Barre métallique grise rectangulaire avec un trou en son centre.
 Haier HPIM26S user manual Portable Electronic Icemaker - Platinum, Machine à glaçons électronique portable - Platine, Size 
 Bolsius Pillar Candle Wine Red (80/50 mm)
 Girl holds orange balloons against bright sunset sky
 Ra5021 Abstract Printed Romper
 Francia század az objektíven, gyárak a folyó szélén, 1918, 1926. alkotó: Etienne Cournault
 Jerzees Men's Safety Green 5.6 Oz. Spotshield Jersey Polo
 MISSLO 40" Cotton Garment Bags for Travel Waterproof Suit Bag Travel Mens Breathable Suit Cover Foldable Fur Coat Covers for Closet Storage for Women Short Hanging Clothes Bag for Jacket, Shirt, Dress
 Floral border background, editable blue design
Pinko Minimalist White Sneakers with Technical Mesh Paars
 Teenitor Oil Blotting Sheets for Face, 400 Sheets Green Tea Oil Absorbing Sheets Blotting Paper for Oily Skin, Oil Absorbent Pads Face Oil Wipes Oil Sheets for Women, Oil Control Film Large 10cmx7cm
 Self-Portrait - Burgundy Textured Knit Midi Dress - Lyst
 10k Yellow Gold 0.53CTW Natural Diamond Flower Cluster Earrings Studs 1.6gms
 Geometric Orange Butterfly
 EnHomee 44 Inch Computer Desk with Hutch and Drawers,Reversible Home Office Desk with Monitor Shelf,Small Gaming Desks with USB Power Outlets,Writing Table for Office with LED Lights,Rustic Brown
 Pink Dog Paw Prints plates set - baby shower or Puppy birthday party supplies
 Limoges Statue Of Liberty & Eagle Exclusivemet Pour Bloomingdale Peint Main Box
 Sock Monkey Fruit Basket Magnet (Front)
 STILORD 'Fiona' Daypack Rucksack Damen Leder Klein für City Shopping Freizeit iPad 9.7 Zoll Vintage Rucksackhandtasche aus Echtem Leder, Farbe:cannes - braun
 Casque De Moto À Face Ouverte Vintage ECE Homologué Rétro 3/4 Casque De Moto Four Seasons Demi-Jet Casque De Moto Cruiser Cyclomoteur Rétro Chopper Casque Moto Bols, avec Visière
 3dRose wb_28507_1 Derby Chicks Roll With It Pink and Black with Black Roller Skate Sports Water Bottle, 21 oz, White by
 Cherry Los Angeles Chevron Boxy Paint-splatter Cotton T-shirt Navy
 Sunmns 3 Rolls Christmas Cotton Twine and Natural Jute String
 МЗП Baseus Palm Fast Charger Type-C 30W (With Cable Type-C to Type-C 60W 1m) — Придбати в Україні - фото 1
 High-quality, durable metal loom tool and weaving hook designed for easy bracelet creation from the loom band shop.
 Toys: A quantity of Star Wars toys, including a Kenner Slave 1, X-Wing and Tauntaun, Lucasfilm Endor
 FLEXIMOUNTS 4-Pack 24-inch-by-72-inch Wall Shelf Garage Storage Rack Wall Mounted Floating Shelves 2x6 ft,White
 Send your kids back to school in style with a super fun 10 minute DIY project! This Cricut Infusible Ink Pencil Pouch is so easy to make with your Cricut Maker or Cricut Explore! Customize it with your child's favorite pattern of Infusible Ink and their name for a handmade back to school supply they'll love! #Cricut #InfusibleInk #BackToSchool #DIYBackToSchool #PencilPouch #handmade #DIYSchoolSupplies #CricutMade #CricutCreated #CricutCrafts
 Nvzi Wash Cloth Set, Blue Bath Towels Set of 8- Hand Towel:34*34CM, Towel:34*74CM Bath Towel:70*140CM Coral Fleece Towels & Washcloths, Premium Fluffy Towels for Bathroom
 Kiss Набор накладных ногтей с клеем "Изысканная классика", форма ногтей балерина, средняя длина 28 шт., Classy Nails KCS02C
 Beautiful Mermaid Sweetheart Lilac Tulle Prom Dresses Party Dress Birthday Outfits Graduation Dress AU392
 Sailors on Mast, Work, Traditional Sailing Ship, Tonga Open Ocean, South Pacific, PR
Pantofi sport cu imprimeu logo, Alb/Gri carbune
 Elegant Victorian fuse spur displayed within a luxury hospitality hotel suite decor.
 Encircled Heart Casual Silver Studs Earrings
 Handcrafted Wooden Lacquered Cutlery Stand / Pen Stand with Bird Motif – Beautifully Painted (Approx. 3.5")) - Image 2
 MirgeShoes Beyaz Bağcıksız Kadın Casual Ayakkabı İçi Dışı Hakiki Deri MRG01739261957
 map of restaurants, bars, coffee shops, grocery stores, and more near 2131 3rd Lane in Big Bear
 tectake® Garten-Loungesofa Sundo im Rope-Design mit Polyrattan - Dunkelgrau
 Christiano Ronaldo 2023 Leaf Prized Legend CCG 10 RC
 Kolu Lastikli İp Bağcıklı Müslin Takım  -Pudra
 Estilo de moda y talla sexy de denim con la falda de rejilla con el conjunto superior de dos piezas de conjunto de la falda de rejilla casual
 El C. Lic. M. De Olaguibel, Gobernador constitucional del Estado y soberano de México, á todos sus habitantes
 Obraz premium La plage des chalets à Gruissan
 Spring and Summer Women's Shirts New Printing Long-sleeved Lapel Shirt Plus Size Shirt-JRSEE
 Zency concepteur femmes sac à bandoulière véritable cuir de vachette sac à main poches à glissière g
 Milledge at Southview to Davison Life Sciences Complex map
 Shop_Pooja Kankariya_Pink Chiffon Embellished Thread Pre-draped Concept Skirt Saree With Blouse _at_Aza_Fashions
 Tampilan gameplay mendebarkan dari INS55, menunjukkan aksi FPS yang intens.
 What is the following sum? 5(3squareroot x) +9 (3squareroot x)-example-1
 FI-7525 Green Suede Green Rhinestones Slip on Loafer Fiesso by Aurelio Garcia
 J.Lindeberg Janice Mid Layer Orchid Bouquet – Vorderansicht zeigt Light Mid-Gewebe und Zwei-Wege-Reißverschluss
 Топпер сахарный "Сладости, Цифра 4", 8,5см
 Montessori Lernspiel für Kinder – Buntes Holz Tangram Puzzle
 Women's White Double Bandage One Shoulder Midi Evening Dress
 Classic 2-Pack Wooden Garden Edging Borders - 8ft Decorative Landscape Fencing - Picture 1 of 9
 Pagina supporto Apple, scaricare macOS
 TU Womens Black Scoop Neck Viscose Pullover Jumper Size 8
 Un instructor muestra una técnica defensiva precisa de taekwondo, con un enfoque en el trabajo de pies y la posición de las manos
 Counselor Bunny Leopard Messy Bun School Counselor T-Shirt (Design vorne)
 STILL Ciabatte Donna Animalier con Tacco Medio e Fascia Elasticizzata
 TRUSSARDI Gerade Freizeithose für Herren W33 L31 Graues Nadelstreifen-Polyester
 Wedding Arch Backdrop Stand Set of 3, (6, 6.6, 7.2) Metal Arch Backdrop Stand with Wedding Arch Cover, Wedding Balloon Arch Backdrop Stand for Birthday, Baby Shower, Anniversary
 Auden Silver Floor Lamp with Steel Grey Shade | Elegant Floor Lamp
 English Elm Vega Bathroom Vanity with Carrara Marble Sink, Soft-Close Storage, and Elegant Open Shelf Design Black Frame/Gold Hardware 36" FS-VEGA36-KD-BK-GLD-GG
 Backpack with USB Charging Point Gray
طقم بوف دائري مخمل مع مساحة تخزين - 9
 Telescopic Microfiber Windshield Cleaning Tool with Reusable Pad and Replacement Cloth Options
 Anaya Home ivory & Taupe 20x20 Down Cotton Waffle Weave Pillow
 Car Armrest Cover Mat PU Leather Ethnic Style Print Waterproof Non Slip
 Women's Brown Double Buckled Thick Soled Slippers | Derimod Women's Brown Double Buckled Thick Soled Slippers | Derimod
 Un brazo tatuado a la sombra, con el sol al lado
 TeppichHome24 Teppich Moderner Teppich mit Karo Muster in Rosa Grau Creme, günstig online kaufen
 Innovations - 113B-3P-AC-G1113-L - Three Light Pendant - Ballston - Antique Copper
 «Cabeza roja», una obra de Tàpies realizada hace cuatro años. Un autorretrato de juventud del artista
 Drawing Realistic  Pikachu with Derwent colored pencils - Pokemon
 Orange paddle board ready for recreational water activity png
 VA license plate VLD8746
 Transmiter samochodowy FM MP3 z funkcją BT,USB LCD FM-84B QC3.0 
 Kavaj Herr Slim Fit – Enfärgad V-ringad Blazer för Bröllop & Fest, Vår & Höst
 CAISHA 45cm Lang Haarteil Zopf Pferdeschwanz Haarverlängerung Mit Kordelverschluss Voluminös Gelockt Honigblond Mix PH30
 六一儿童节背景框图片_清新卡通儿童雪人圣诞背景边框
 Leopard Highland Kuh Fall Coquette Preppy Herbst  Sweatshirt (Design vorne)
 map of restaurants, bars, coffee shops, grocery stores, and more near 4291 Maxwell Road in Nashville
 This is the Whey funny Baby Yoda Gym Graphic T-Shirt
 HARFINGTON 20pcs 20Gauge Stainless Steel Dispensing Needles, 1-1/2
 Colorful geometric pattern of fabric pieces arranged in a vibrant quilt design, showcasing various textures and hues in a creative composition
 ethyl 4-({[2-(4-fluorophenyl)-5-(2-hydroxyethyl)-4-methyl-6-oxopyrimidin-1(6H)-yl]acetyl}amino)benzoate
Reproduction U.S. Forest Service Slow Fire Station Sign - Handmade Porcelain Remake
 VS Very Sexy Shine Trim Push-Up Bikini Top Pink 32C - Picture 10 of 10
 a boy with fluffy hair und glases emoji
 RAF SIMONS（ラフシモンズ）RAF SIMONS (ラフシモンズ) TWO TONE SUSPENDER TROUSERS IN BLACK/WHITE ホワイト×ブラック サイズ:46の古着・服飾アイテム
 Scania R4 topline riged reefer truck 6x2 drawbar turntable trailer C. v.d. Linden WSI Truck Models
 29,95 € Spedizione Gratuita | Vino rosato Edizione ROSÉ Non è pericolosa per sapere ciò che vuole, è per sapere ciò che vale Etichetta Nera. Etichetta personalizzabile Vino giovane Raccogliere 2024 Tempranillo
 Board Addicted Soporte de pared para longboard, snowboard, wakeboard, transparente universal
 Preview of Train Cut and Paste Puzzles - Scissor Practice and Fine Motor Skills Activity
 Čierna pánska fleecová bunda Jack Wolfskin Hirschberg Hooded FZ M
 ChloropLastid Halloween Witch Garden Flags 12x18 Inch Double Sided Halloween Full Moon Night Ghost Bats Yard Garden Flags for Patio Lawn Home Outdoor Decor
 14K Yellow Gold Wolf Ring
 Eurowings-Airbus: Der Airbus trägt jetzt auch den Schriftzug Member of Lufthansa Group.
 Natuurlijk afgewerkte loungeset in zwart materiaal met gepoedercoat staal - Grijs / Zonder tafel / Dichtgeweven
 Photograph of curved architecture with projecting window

— Exercise instructions —
The required answer is the run of lines above, starting at the line with "10k Yellow Gold" and ending at the line with "Kiss Набор накладных", reproduced exactly with both ends.

— Solution below —
 10k Yellow Gold 0.53CTW Natural Diamond Flower Cluster Earrings Studs 1.6gms
 Geometric Orange Butterfly
 EnHomee 44 Inch Computer Desk with Hutch and Drawers,Reversible Home Office Desk with Monitor Shelf,Small Gaming Desks with USB Power Outlets,Writing Table for Office with LED Lights,Rustic Brown
 Pink Dog Paw Prints plates set - baby shower or Puppy birthday party supplies
 Limoges Statue Of Liberty & Eagle Exclusivemet Pour Bloomingdale Peint Main Box
 Sock Monkey Fruit Basket Magnet (Front)
 STILORD 'Fiona' Daypack Rucksack Damen Leder Klein für City Shopping Freizeit iPad 9.7 Zoll Vintage Rucksackhandtasche aus Echtem Leder, Farbe:cannes - braun
 Casque De Moto À Face Ouverte Vintage ECE Homologué Rétro 3/4 Casque De Moto Four Seasons Demi-Jet Casque De Moto Cruiser Cyclomoteur Rétro Chopper Casque Moto Bols, avec Visière
 3dRose wb_28507_1 Derby Chicks Roll With It Pink and Black with Black Roller Skate Sports Water Bottle, 21 oz, White by
 Cherry Los Angeles Chevron Boxy Paint-splatter Cotton T-shirt Navy
 Sunmns 3 Rolls Christmas Cotton Twine and Natural Jute String
 МЗП Baseus Palm Fast Charger Type-C 30W (With Cable Type-C to Type-C 60W 1m) — Придбати в Україні - фото 1
 High-quality, durable metal loom tool and weaving hook designed for easy bracelet creation from the loom band shop.
 Toys: A quantity of Star Wars toys, including a Kenner Slave 1, X-Wing and Tauntaun, Lucasfilm Endor
 FLEXIMOUNTS 4-Pack 24-inch-by-72-inch Wall Shelf Garage Storage Rack Wall Mounted Floating Shelves 2x6 ft,White
 Send your kids back to school in style with a super fun 10 minute DIY project! This Cricut Infusible Ink Pencil Pouch is so easy to make with your Cricut Maker or Cricut Explore! Customize it with your child's favorite pattern of Infusible Ink and their name for a handmade back to school supply they'll love! #Cricut #InfusibleInk #BackToSchool #DIYBackToSchool #PencilPouch #handmade #DIYSchoolSupplies #CricutMade #CricutCreated #CricutCrafts
 Nvzi Wash Cloth Set, Blue Bath Towels Set of 8- Hand Towel:34*34CM, Towel:34*74CM Bath Towel:70*140CM Coral Fleece Towels & Washcloths, Premium Fluffy Towels for Bathroom
 Kiss Набор накладных ногтей с клеем "Изысканная классика", форма ногтей балерина, средняя длина 28 шт., Classy Nails KCS02C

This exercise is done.